== WHAT TO WORK ON ==
If a line below contains "MotoStudent", count it; then state how many such lines there are, and nothing else.

== RECORDS FOR PROCESSING ==
--
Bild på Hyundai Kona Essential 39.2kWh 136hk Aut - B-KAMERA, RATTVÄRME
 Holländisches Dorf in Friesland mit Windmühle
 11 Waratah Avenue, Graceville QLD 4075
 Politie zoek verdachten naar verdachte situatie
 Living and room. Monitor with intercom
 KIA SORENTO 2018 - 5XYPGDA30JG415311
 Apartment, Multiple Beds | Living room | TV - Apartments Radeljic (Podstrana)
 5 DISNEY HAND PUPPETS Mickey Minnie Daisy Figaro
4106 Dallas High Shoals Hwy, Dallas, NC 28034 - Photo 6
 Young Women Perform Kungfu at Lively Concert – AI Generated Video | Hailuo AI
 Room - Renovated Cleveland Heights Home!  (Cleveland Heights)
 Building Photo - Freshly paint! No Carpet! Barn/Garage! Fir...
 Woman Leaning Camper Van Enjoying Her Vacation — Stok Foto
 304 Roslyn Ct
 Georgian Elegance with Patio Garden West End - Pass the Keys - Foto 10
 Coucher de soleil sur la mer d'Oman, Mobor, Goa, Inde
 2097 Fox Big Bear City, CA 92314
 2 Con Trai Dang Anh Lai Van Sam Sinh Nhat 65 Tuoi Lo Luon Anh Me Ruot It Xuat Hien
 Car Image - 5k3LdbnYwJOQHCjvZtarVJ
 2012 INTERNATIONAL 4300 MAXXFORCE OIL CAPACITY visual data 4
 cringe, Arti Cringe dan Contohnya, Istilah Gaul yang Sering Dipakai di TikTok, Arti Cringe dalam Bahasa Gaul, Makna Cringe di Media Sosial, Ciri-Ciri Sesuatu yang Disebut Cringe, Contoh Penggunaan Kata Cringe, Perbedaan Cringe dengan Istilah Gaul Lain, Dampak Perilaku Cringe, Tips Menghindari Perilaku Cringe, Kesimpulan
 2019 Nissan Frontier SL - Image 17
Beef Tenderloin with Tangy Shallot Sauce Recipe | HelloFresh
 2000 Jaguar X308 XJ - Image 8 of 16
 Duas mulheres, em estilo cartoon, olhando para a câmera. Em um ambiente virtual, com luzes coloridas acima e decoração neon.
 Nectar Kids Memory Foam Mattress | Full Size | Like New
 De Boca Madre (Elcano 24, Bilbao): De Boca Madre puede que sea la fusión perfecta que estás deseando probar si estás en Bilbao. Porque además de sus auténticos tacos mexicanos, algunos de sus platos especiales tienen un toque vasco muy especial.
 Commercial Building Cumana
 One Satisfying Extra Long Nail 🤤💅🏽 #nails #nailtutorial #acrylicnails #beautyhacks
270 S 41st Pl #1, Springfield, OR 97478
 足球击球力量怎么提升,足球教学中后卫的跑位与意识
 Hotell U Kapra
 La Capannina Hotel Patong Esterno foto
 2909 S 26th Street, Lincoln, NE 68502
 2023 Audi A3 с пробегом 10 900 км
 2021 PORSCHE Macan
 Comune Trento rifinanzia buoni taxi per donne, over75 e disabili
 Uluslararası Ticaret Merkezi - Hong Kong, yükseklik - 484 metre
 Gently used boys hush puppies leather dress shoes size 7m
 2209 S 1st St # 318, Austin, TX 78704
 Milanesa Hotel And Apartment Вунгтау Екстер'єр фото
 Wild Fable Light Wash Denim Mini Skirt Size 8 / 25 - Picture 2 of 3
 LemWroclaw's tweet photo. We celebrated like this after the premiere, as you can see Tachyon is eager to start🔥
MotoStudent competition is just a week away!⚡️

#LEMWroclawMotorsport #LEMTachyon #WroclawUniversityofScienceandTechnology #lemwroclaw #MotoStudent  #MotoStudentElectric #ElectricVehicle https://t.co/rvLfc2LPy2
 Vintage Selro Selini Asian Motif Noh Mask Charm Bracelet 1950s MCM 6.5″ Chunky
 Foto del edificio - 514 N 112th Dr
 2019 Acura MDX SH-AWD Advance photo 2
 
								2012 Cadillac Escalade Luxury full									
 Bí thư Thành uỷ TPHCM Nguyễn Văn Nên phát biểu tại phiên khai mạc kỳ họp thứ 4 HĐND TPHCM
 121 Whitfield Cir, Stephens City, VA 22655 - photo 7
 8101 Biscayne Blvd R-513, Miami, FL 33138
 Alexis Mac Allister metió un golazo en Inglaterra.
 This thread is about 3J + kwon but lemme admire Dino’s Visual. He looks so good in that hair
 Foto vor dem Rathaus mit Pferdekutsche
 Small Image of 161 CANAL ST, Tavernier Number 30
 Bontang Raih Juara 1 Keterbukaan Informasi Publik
--
== RESPONSE BOX ==
2